-- What is being asked --
The answer must be one number: how many lines in the data below include the string "button".

-- Material provided --
▬▬▬▬▬▬▬▬▬▬
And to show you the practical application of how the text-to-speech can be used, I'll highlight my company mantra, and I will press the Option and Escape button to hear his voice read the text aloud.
▬▬▬▬▬▬▬▬▬▬
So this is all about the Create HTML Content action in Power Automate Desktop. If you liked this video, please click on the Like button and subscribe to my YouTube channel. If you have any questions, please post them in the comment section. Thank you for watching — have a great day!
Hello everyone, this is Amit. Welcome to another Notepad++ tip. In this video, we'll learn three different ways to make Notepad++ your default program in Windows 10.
▬▬▬▬▬▬▬▬▬▬
-- Written response --
2